Achilles tendon (AT) rupture leads to long-term structural and functional impairments. Currently, the predictors of good recovery after rupture are poorly known. Thus, we aimed to explore the interconnections between structural, mechanical, and neuromuscular parameters and their associations with factors that could explain good recovery in patients with non-surgically treated AT rupture. A total of 35 patients with unilateral rupture (6 females) participated in this study. Muscle-tendon structural, mechanical, and neuromuscular parameters were measured 1-year after rupture. Interconnections between the inter-limb differences (Δ) were explored using partial correlations, followed by multivariable linear regression to find associations between the measured factors and the following markers that indicate good recovery: 1) tendon length, 2) tendon non-uniform displacement, and 3) flexor hallucis longus (FHL) normalized EMG amplitude difference between limbs. Δmedial gastrocnemius (MG) (β = −0.12, p = 0.007) and Δlateral gastrocnemius (β = −0.086, p = 0.030) subtendon lengths were associated with MG tendon Δstiffness.

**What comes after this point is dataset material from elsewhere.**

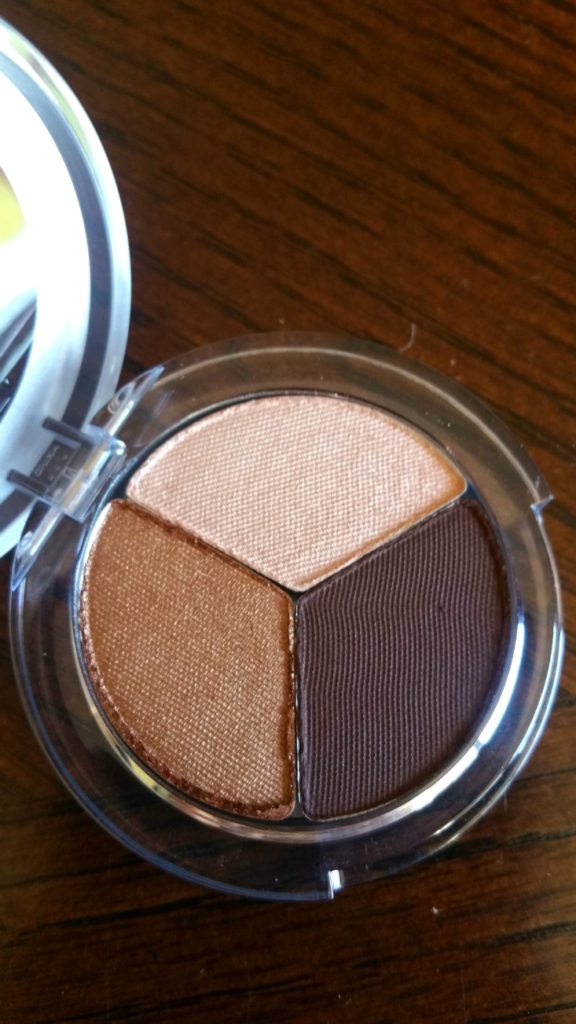 PUR MINERALS MYSTERY BOX MAY 2016 - ITEMS 2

MG (β = 11.56, p = 0.003) and soleus (β = 2.18, p = 0.040) Δsubtendon lengths explained 48 % of variance in FHL EMG amplitude. Regression models for tendon length and non-uniform displacement were not significant. Smaller inter-limb differences in Achilles subtendon lengths were associated with smaller differences in the AT stiffness between limbs, and a smaller contribution of FHL muscle to the plantarflexion torque. In the injured limb, the increased contribution of FHL appears to partially counteract a smaller contribution from MG due to the elongated tendon, however the role of FHL should not be emphasized during rehabilitation to allow recovery of the TS muscles. ...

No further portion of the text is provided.